Restrict the resolution of data for integration by setting
``indexamajig --push-res``.  This affects data quality, so you will need to
try different values to find the best one.  Start with ``--push-res=1.5``,
which will cause spots to be integrated up to 1.5 nm :sup:`-1` higher than the
conservatively-estimated resolution of each diffraction pattern.  This gives a
reasonable balance between integrating weak "invisible" high-resolution data,
and not including too much "junk" data.  If the metrics for the final merged
data suggest that there might be more information at higher resolution, use a
larger value.

Normally, we recommend limiting the resolution only at the merging stage
(``partialator --push-res``), because this gives you the most flexibility - you
can set any ``--push-res`` value without re-integrating the entire dataset.  If
you limit the resolution at the integration stage, the number of reflections to
be integrated will be much smaller, which can lead to a significant speed
improvement.  However, the ``--push-res`` value that you use for merging must
be smaller than the value used for integration.


Don't need integration results?  Don't integrate!
=================================================

If you're using CrystFEL as part of an online monitoring system, you might not
be interested in the integration results at all.  Since spot prediction and
integration can take a significant amount of time, you can save a lot by
disabling them.  Disable integration, but not prediction, with
``indexamajig --integration=none``.  The stream will contain predicted spot
positions, but their intensities will all be zero.  Disable prediction
altogether with ``indexamajig --cell-parameters-only``.

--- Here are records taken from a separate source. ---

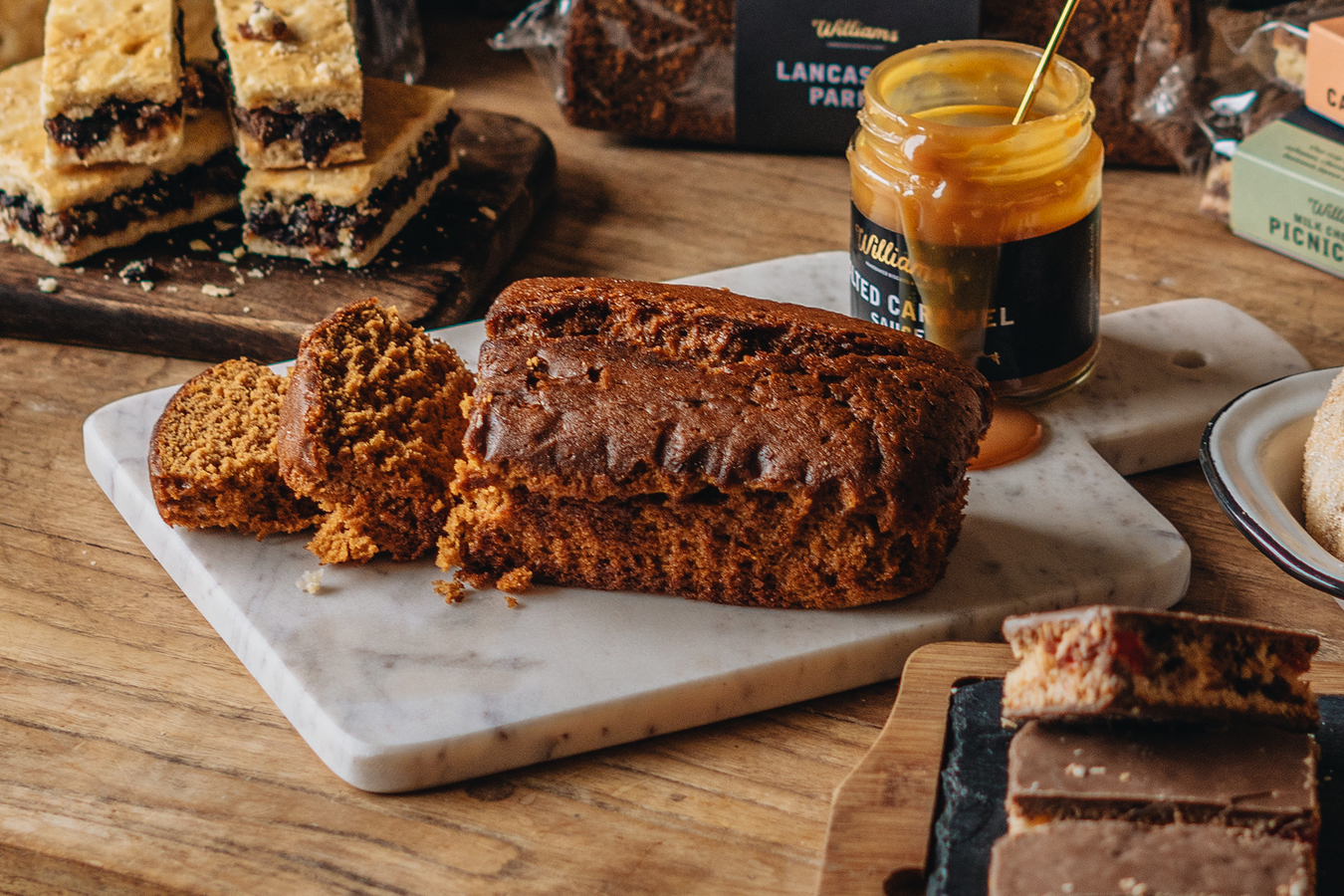 A loaf cake sliced up on a marble serving board with an open jar of salted caramel sauce behind, surrounded by other bakes.
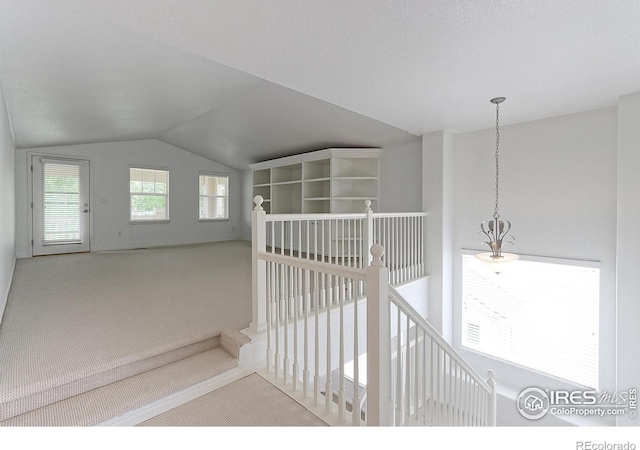 2631 E 136th Pl, Thornton, CO 80602 - hallway with carpet flooring, an upstairs landing, and lofted ceiling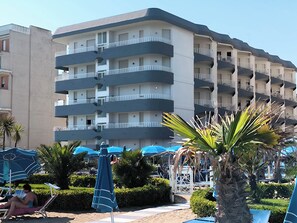 A multi-story hotel with balconies, a pool area with umbrellas, and palm trees. - Bright Holiday Home With Balcony (Jesolo)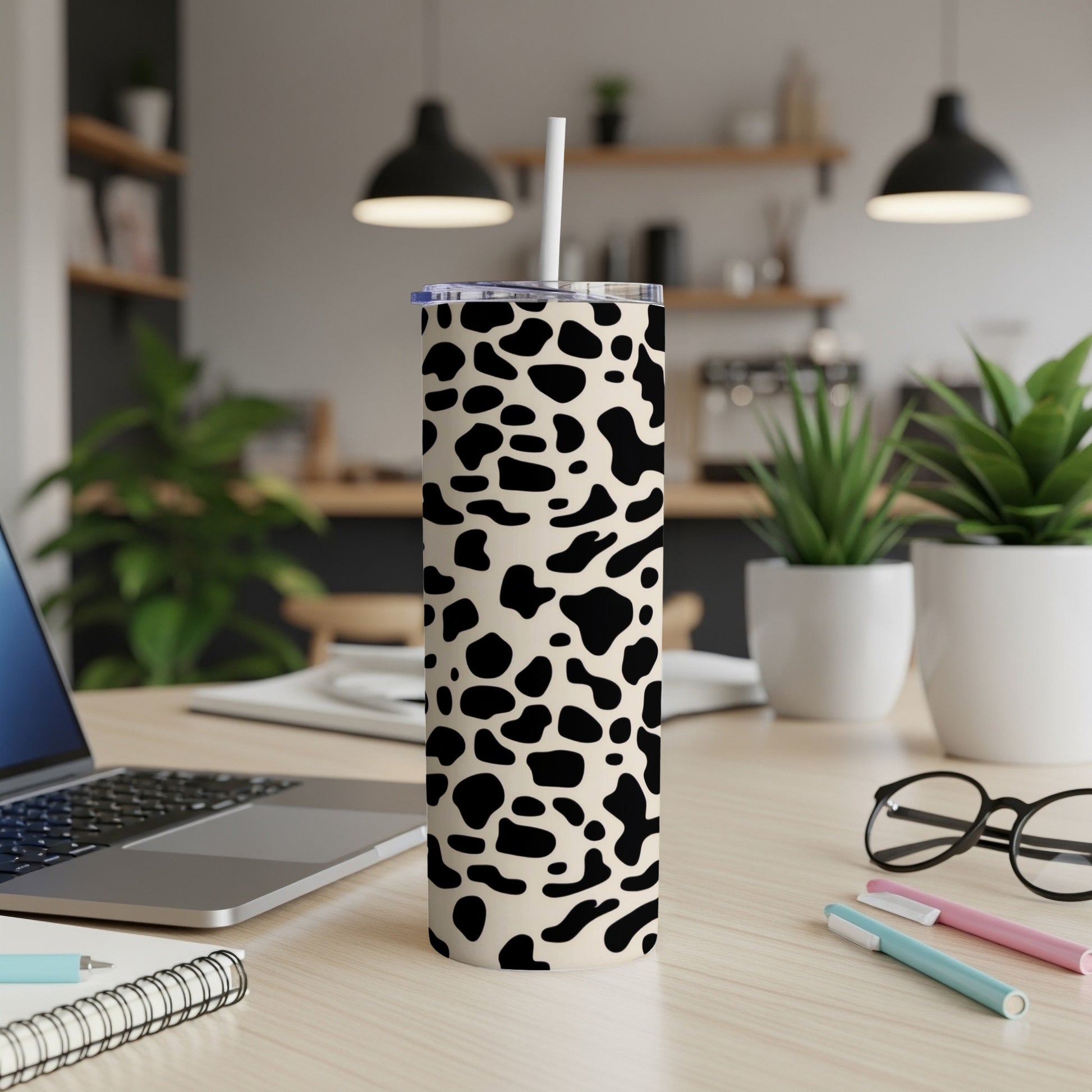 Tan skinny tumbler with black cow print and white straw.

This is particularly important when doing "unrestricted" indexing with no
prior unit cell information.  Occasional spuriously large unit cells can slow
things down a lot by producing a lot of reflections.


Use a static detector geometry
==============================

CrystFEL geometry files allow some aspects of the geometry to come from the
data files, such as the panel z-positions ("clen"/camera length) and overall
detector shifts.  If you can instead give fixed numerical values for
everything, then some parts of CrystFEL can prepare calculations in advance.
In some cases, this can make a significant speed improvement.